# Exercise details:
Find the lines below that include the word "Flash" and report how many there are, with no other text.

# Data for the task:

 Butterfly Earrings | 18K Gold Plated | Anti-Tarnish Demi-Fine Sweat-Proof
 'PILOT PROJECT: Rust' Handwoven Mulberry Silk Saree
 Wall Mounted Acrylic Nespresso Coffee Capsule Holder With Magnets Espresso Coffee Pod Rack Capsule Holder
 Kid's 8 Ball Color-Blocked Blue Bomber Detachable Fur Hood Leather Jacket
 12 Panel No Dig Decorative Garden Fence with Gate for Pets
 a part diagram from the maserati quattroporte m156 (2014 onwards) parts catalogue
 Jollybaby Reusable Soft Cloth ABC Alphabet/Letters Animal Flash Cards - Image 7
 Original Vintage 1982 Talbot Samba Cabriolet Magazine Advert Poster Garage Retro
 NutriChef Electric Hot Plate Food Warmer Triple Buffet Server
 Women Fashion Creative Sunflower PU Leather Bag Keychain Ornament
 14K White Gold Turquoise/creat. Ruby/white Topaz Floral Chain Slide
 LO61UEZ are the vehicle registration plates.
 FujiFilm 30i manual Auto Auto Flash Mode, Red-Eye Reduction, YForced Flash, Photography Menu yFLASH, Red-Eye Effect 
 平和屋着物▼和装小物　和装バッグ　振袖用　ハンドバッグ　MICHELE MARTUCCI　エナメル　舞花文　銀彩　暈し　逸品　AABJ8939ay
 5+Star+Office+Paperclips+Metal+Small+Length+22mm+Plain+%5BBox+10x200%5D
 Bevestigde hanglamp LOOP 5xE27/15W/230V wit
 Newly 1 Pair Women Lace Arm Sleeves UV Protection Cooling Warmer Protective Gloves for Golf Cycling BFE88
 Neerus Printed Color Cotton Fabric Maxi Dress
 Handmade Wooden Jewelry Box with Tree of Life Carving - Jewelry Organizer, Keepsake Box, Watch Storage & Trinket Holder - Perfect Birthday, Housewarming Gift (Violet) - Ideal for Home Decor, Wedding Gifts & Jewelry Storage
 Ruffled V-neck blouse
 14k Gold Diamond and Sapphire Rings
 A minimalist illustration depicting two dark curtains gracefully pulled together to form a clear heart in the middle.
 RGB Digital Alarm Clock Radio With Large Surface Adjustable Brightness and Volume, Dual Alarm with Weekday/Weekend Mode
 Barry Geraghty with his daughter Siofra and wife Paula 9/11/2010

# Exercise response:
2